Boeing test pilot William Mnich has been in aviation for nearly his entire life. He began his flying career in high school when he was only 15, then spent more than two decades flying as a Radar Intercept Officer (RIO) at the back of a Grumman F-14 Tomcat fighter jet for the Navy. He’s also one of a few thousand individuals who have ejected from an airplane and lived to tell the tale — and part of an even smaller group of people who have had to do it more than once. Mnich was lucky enough to walk away from both incidents with no life-changing injuries and a good story to tell. Plus, a very special watch.

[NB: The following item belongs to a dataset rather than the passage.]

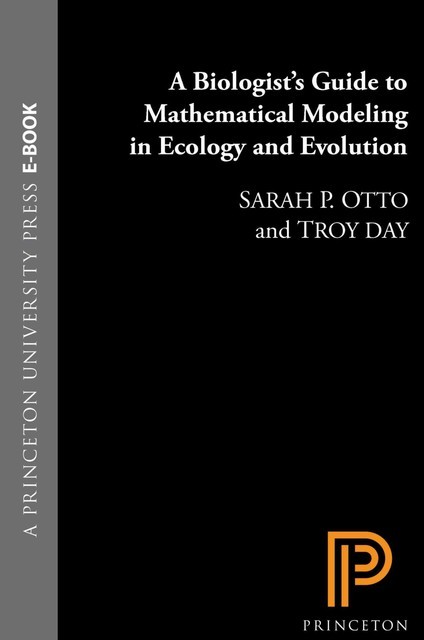 A Biologist's Guide to Mathematical Modeling in Ecology and Evolution, Sarah, Day, Otto, Troy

The watch is a Bremont MBI, a special edition of the Bremont MBII, which Bremont designed with the help of Martin Baker, the British aviation company responsible for supplying about 70 percent of the world’s aircraft with ejection seats. “Martin-Baker was always a bit of a household name within our family as we grew up,” says Bremont founder Nick English. “The testing these seats have to go through is nothing short of heroic, and to have the opportunity to be able to develop a watch using their environmental and engineering testing facility was magical.” Bremont’s aim with the Martin Baker series of watches was to over-engineer a watch to the point where it could stand up to the rigors of ejecting from an aircraft. That means that it undergoes intensive testing, including extreme temperature changes (from -40 degrees Celsius to 40 degrees Celsius), altitude changes (the watch is brought up to 100,000 feet then taken back down again), shakes and vibrations, prolonged salt and live ejection testing.

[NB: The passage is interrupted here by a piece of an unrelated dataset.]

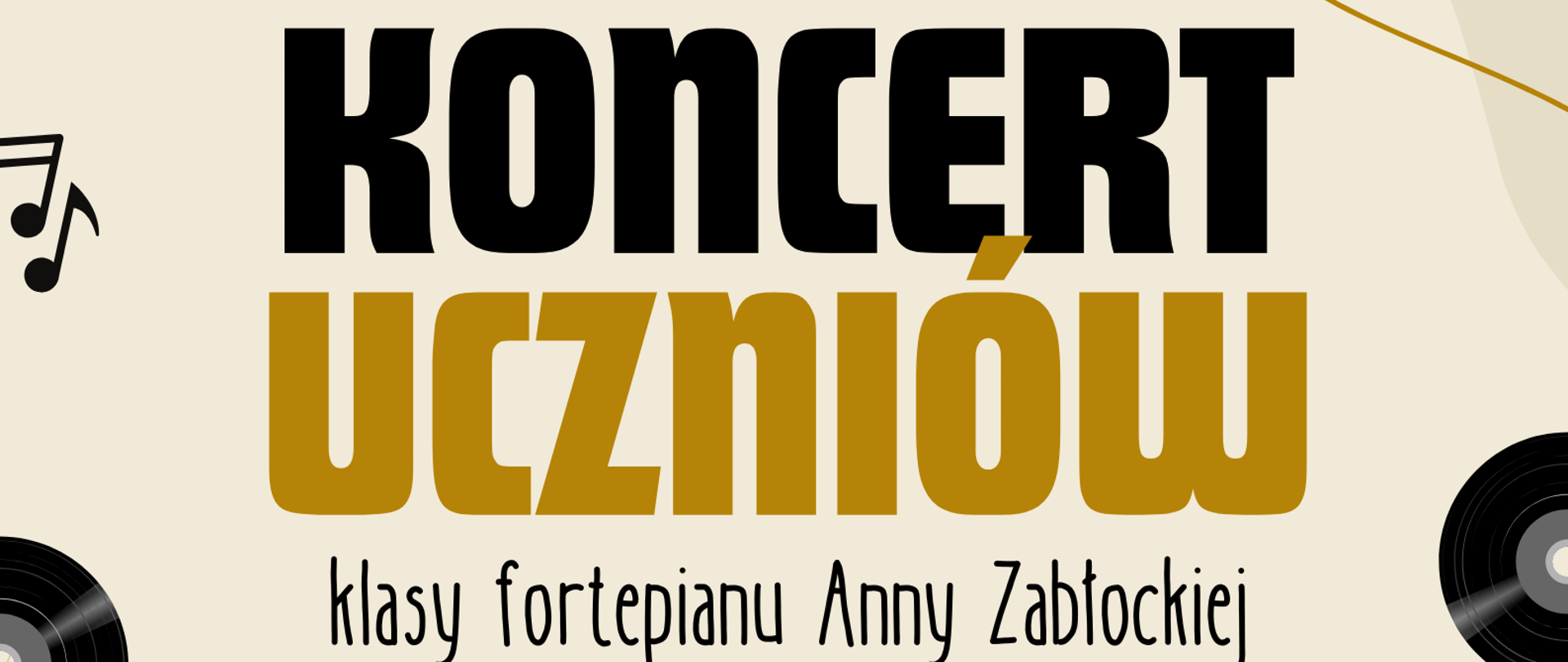 Plakat tło beżowe centralnie grafika przedstawiająca czarny fortepian z otwartą klapą wewnątrz brązowy po bokach płyty winylowe oraz fragmenty nut od góry napis państwowa szkoła muzyczna pierwszego stopnia im Jerzego Hellera Głuchołazach koncert uczniów klasy fortepianu Anny Zabłockiej data poniedziałek 16 grudnia 2024 godzina 16:30 miejsce sala kameralna bilety wstęp wolny wystąpią Nina Węglowska Melania Puczka Iga Węglowska Milena Talarczyk Antonina Burza Kaja Drozda Patrycja Powirska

“With the testing and development behind us, both Martin-Baker and Bremont felt that for those pilots who have successfully ejected from a fighter aircraft (it really was a special and elite club), a bespoke and equally special watch would commemorate this well,” said English. Special commemorative watches for specific achievements are nothing new. Rolex gives an engraved Daytona to winners of the 24 Hours of Daytona, Bulova used to give NCAA champions their own specially branded watches — even Domino’s Pizza has given Rolex Air-Kings to managers who met lofty sales goals. Like those, the Bremont is an exclusive timepiece, and though it can be purchased, you can only do so if you’ve cheated death in a Martin Baker ejection seat. For that reason, it is incredibly meaningful to its owners.
In a real-world ejection scenario, a pilot can undergo acceleration up to 14 g’s. “It’s over so quickly you almost can’t comprehend it,” says Mnich. “Depending on your state of adrenaline or your state of awareness, sometimes you may be aware of that g-force, those shocks to your body, and sometimes not. I don’t remember the acceleration, violent as it was. Normally it’s enough to make the average person unconscious, but when you’re that scared, I guess, things work a little differently in your physiology.”
Mnich’s first ejection happened aboard the flight deck of the USS Kitty Hawk on September 7, 1981, when a landing LTV A-7 Corsair II crashed into the back of his F-14 on the aircraft carrier’s runway. “There are a lot of safeguards that prevent that from happening… and every one of those things that could have prevented that accident failed,” says Mnich.
“People will tell you that you don’t generally eject when you think you’re going to die, you eject only when you know you’re gonna die.”
In an F-14, the ejection system is set up so that if one of the jet’s two occupants makes the decision to bail, both will be ejected from the plane. Mnich explains that in most scenarios, the pilot is so focused on trying to recover the aircraft that the RIO in the backseat is usually the one to make the decision to eject. But not in this case.